When enough is enough

I have lived with a father who drank a lot.  He would come home from work and have his first martini and a paper.  His drinking became to a funny drunk, to awful. My dad was a causal drinker.  He would have several drinks at parties, he would go out with the soft ball work team and have a few drinks.  I think he drank to get away from the stress.  He had a lot of stress at work.  The drinking became more of a habit from the time I was about ten years old and up until I left for college.   I would tell my mom that dad had his 3 martini and if he wanted to keep him happy, don't pick a fight.  Mom didn't listen, try to talk about things, their money situation, the children, etc.  My parents would end up fighting and yelling.  I would retreive to my bedroom and try to do my homework. 

 

Today, my father is living on his own raising two teenage girls from his second marriage.

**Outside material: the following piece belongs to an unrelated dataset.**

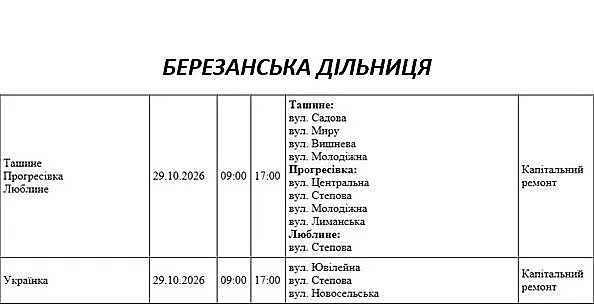 Десятки улиц в разных городах и селах Николаевской области останутся завтра без света (адреса) Десятки улиц в разных городах и селах Николаевской области останутся завтра без света (адреса)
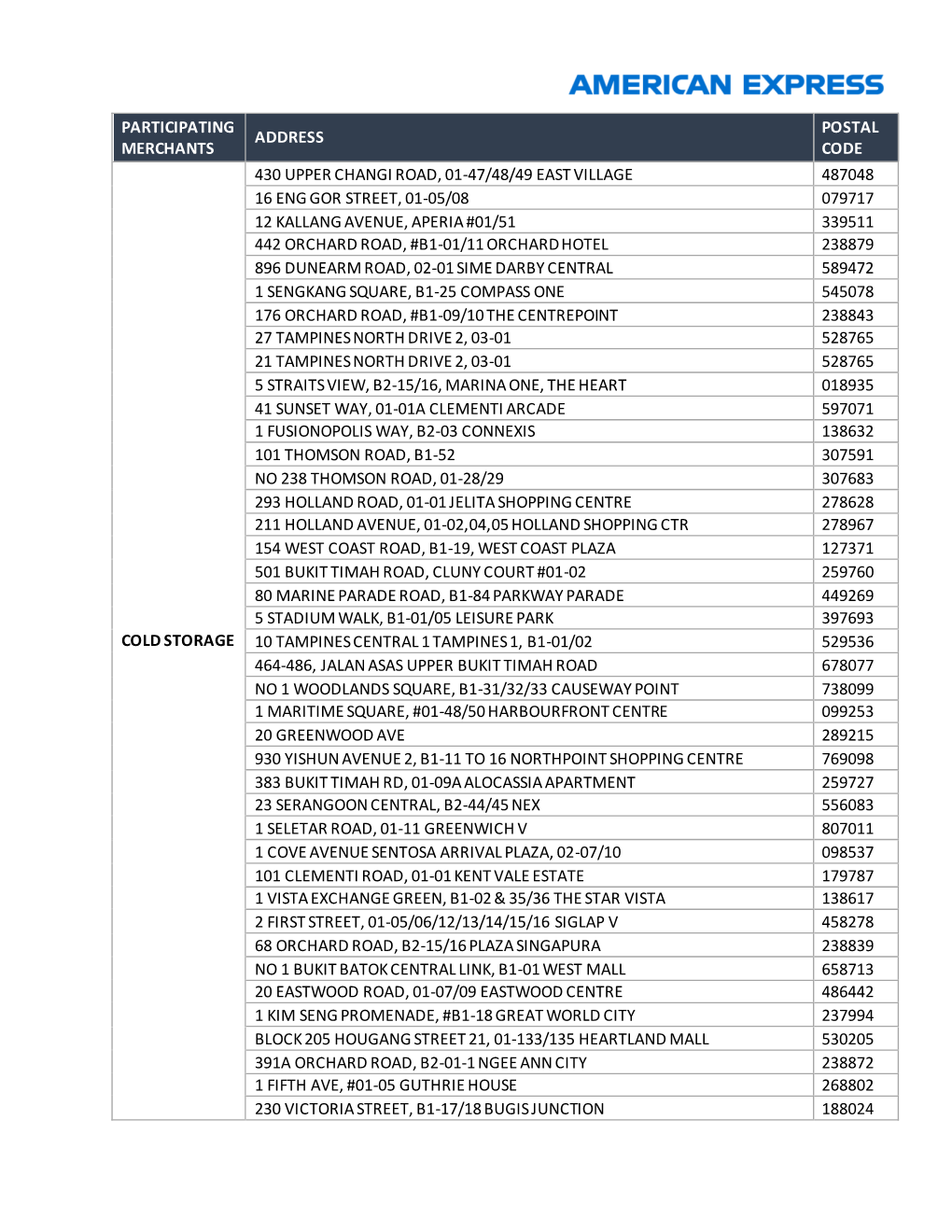 Participating Merchants Address Postal Code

His second wife recently passed away, December 2007. 

 

I do know that my father continues to drink his martinis and I told my half sisters that at times he may retreat to his study, watch the game and have a few drinks. 

 

I told them that I had a few rules of my own when it comes to drinking. 

 

One was if I was going out to drink, I would have a designated driver.  If I couldn't find a ride, I would take a taxi cab home.  I would leave my car keys at home, so that I would not be tempted to drive behind the wheel.

 

Two, as I got older, I found that I had more control drinking in my own home than throwing up at some bar in front of my friends. 

 

Three, if I'm home, my own bathroom and bed are right there too.

 

Four, I always follow this rule, if I'm at a party, I'd ask the host/hostess where could I keep my car keys.  There would be an ashtray.  Everyone attended the party knew that if you were going to have too much, to put the car keys in the ashtray.  The coffee went on at 11:00 pm.  People were encouraged to sleep on the couch downstairs.  Only one time the host had to take the keys away from someone, because they insisted on driving home and the host knew that he had too much to drink.  These are my real friends, the friends that I work with at the road races.  Yes, we all like to drink hard on Friday and Saturday nights.  Later we found out that trying to work Flagging and Communications, at 8:00 am the next morning was not an easy task espeically if you had too much to drink the night before. 

 

Five, meaning, I limit my self to no more than 3 drinks!!  When I finished my 3rd drink, I begin to drink water to rehydrate. 

 

Six, it's more fun to drink on the weekend.  NOT fun during the week night, when you have to be at work by 7:00 am.  Unfourtnately my coworker has some drinks during the work week.  She ends up calling in sick. 

 

As a teenager, I drank with my friends, but I found out that it was not fun to be around of friends that made a total fool of themselves.  I think as you age, you become wiser and learn from your mistakes. 

 

I know when a person or you've become an alcoholic is when you lost your job, your family, having fights with the people you love, not paying the bills and wanting that 1st drink right when you wake up in the morning.  I know when you've become an alcoholic is when you cant' face the pain and the frustrations in your life and you feel that you have to escape from it  all. 

 

The best way to release stress is to do some aerobic excersise.  Write things down, keep a journal, talk to a close friend, relative or someone you can trust.  Get support from your church group.  The difficult part is admitting that you have a drinking problem.  I think once you acknowledge this, you're half way there to recovery.  I support those who continue to go to AA or talk to close friends. 

 

My friends at my race car parties have stopped drinking, due to health reasons.  They made sure that they always had a cup of water or a soft drink.  Some of them went cold turkey and stopped drinking.

 

People drink for a lot of reasons, and as long as you do it safely and no one gets hurt, I feel no more 3 drinks every now and then is okay.  Just drink responble.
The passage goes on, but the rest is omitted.